Quizás, Cayena, por eso escribo este exordio, esta entrada para la Fortaleza de las palabras: una especie de máquina, de servidor, de ordenador, en donde se generan narrativas febriles, atolondradas, sujetas a la realidad por cosas muy frágiles, y antiguas. Como el que come naranjas y juega, como el que bebe Brugal y singa o pelea, así comí yo cañafístol contigo frente a una bahía en donde la ríada se confundía con el Atlántico. Te amé en San Juan de Borinquen, Cayena, pero también te amé en Puerto Plata, en Sosúa, en Montecristi y en Cabarete; hasta en Imbert, allí te amé sin saberlo… todo para llegar a Santiago de los Treinta Caballeros. A fuego lento, de nuevo digo “bahía” en tu boca de aguacero. Guardo en mí todos los mangos que recogí en tu falda, el olor las olas, contigo vuelta loca, sí, vuelta loca, ya no sé ni lo que pinto.
La casa está pintada por la artista santiaguera Caryana Castillo y pertenece a la colección “Espíritu”. La técnica es mixta sobre tela y ella dice que es una de sus Casita favoritas gracias a todo el verde que la rodea y a un entrañable arbusto de coralillo. Caryana se ha dedicado a fluir con la Ciudad Corazón en un casamiento de la pintura, la historia, la búsqueda y una infinita pasión lírica por el ritmo y los colores. Sus pinturas son una exageración, en el sentido de que las cosas quieren salir/resaltar de los bastidores. Cualquiera que haya seguido el trabajo de esta artista (sus flores, sus autorretratos, sus Casitas, entre lo demás) puede darse cuenta de que su trabajo es la autobiografía y la ciudad le ha servido de plataforma para preguntarse. Esto no es nuevo en la pintura, claro está. Puedo mencionar rápidamente ejemplos como Duilio Barnabé, Leonora Carrington o Ada Balcácer… pintores que sin importar lo que pusieran en la tela, siempre terminaron con algo demasiado parecido a sí mismos. En ese sentido, la grandeza del trabajo de Caryana Castillo está en esa amalgama entre añoranza y determinación que pone en el trazo, en la mezcla, en el realce de las casas, la ciudad, el corazón y sus cosas.
Oh Cayena, muchacha de siempre, con tu olor a balcón a las siete de la noche, el sabor del primer trago, el olor del tercer cigarrillo.
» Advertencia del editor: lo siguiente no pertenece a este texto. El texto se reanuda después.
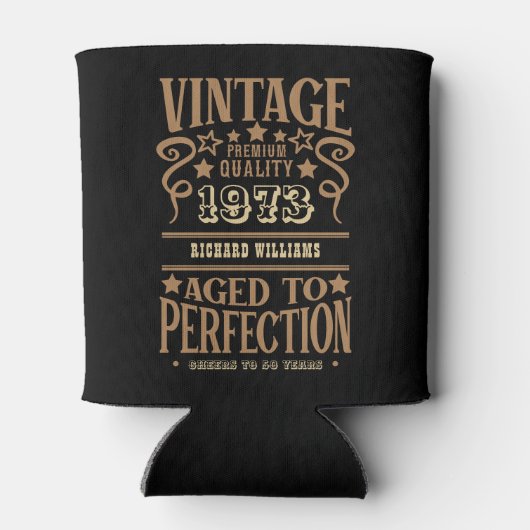 Rafraîchisseur Pour Canette 50e anniversaire N'importe quel nom d'âge Black Go (Dos)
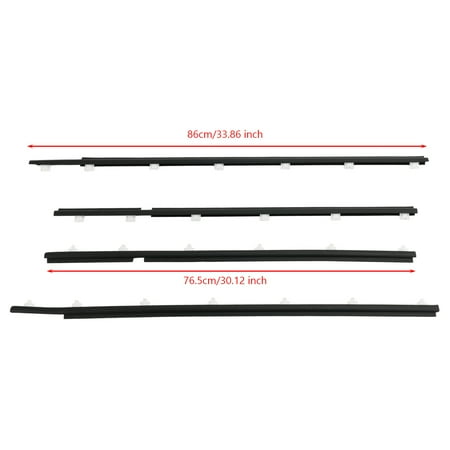 

4pcs Outer Weatherstrip Door Belt Seal for Toyota Land Cruiser FJ80 HDJ81 1990-1998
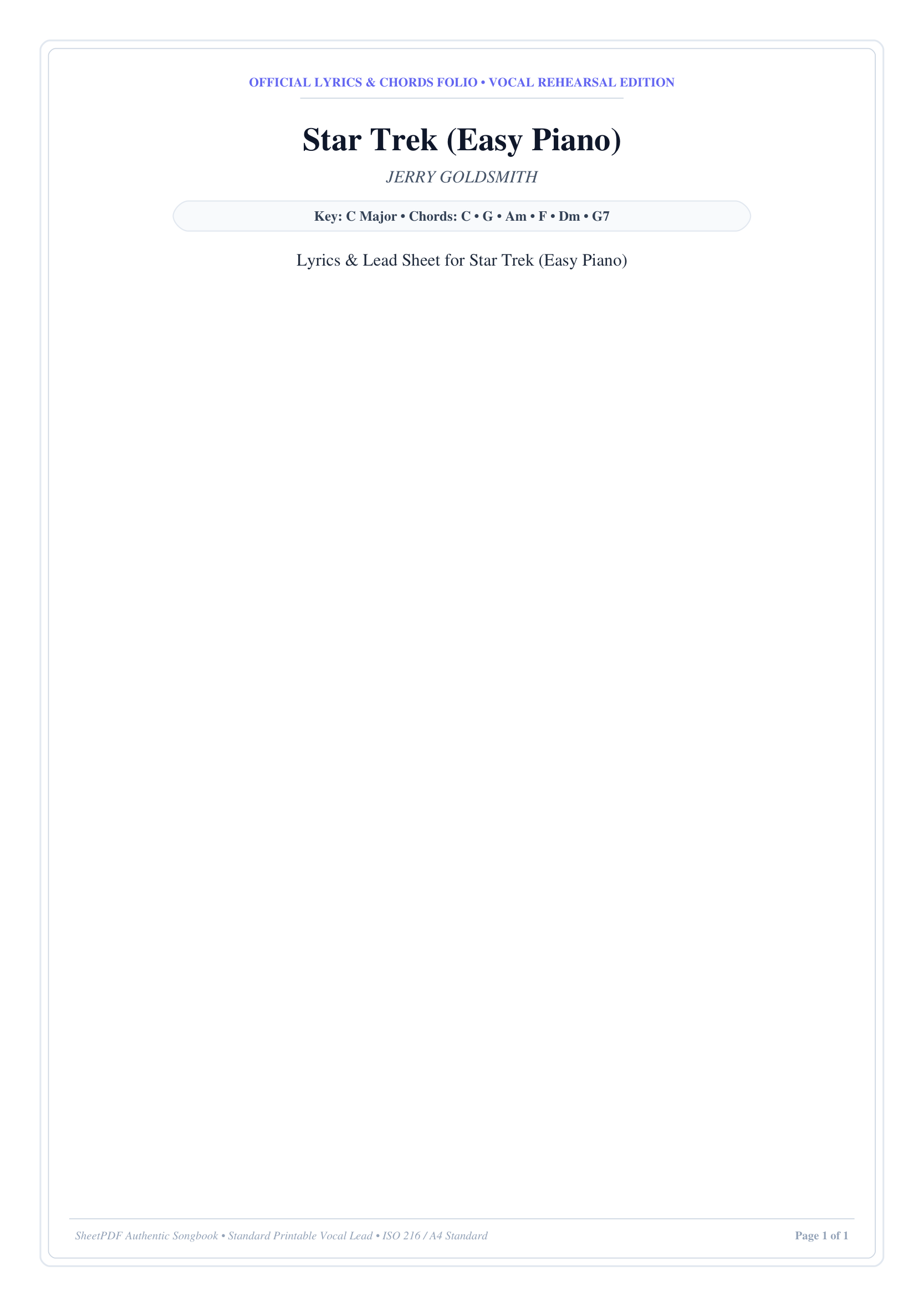 Star Trek (Easy Piano) Piano Sheet Music Page 1 Free PDF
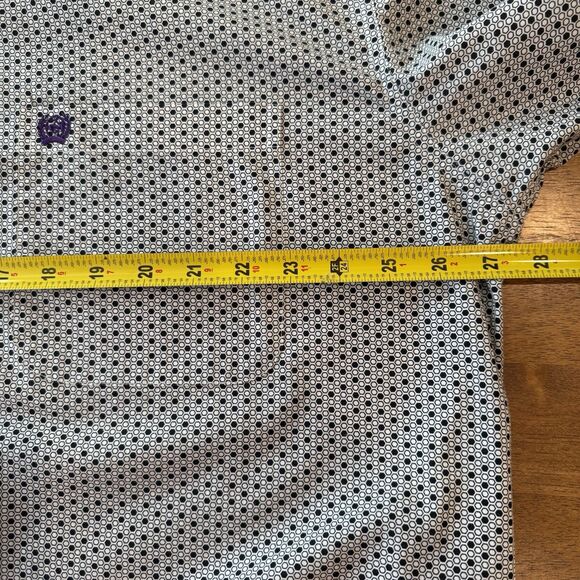 Cinch Long Sleeve Buttondown Western Shirt Mens SZ XXL  Blue White Hexagon Print - Picture 14 of 16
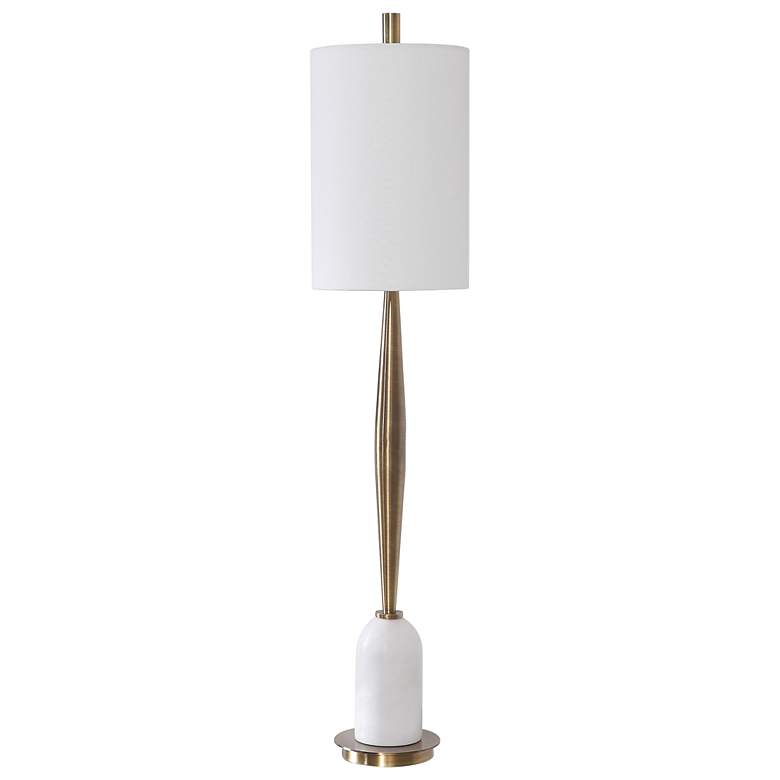 Image 3 Uttermost Minette 40" High Brass Steel and White Marble Buffet Lamp more views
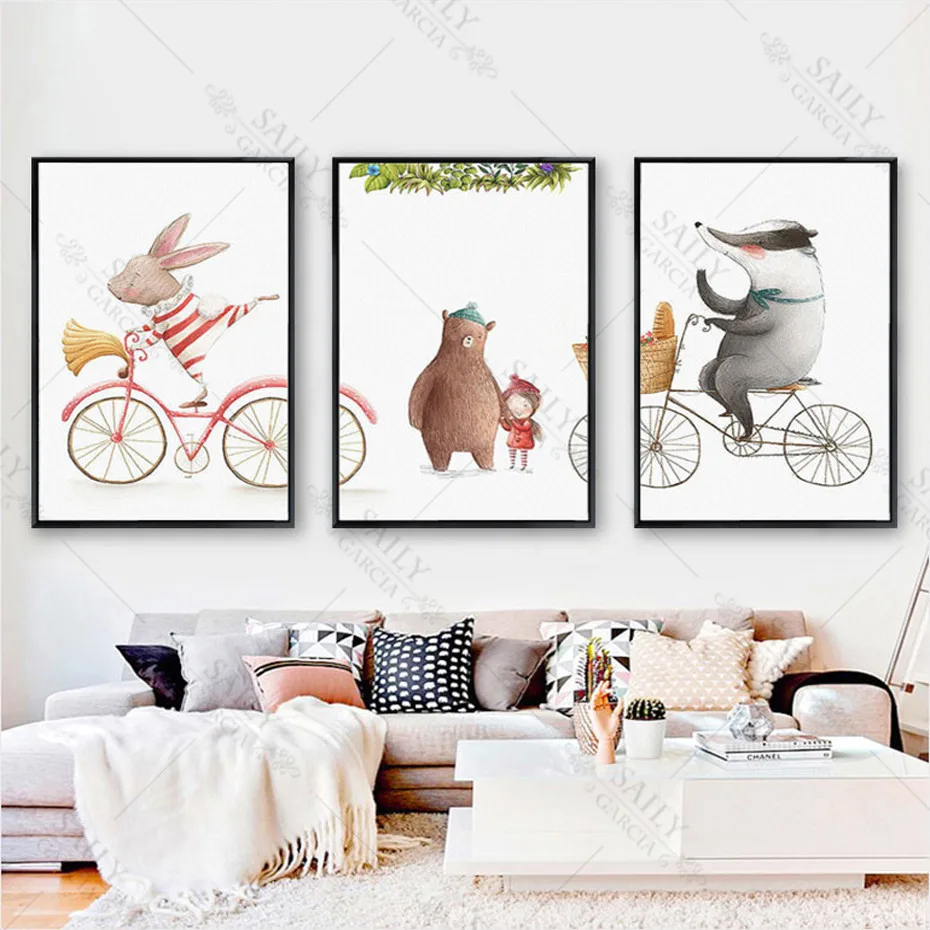 3 Pieces Watercolor Animals Rabbit Beer Canvas Paintings Pink Childhood Posters Prints Wall Art Pictures For Kids' Rooms Decor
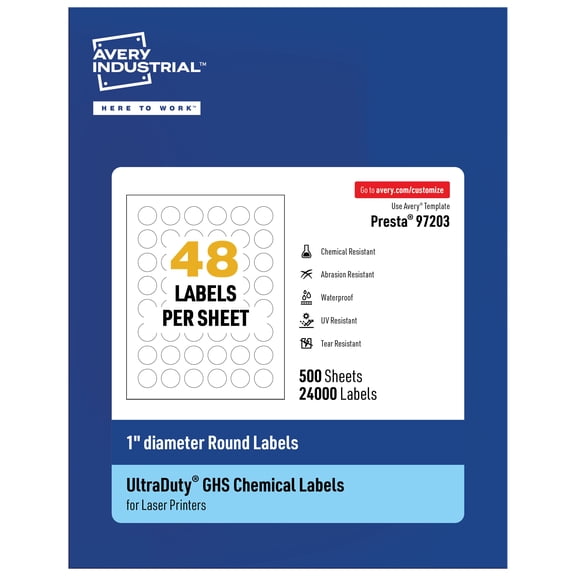 Avery UltraDuty GHS Labels 1" Diameter, 24000 Ct, Laser Printer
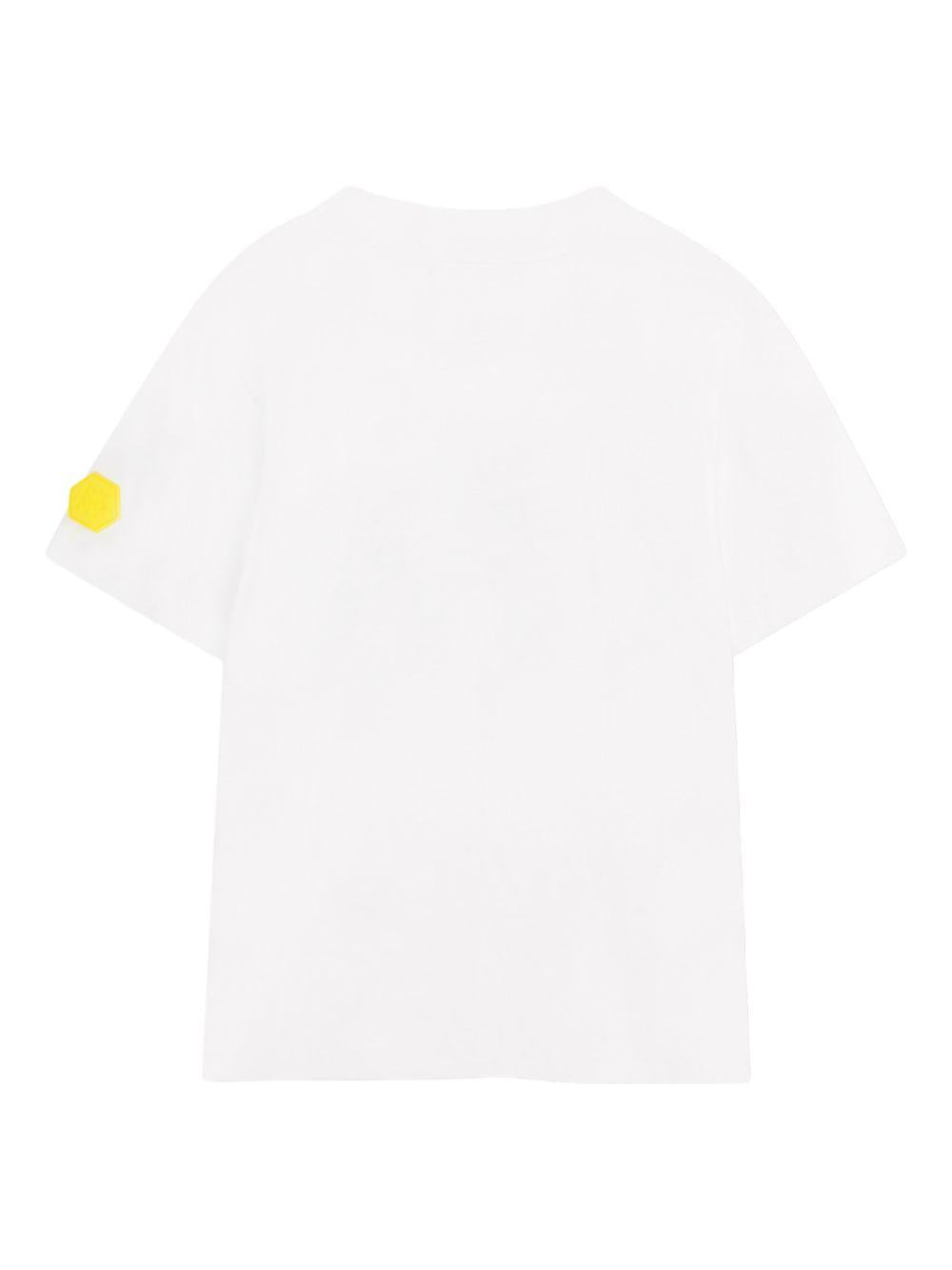 T-shirt per bambino DKNY Kids bianca con stampa logo sul davanti D62543 10P DKNY KIDS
Caminé por Los Pepines como ciego buscándote, preguntando a los hombres tristes de las esquinas y los liquor stores por la silueta de tu sombra, tus proyectos, el verde de una ciudad en donde figuras como Ercilia Pepín brillaron en un firmamento de sabiduría y amor por el otro, por lo otro. ¿Puede hablarse de patria en estos días Cayena? Encuentro al fin tu casa, amor, porque alguien habló de un amarillo tan vivo que parecía limón del Sahara, por el azul sombreado de cuerpo caliente, por el blanco que enmarcaba y cruzaba, por el zinc caliente que sospecho y una brisa que se mueve por debajo de las ramas para hacer viva la vida. También entre el verde sale tu boca roja, tus uñas claras, tus losetas de muchacha y quizás, más allá del cactus, bajo el número cuarenta y dos, se esconde la mecedora en donde compartíamos los hielos de una limonada demasiado dulce. Tus senos, tu cadena de oro, tu diente de futuro.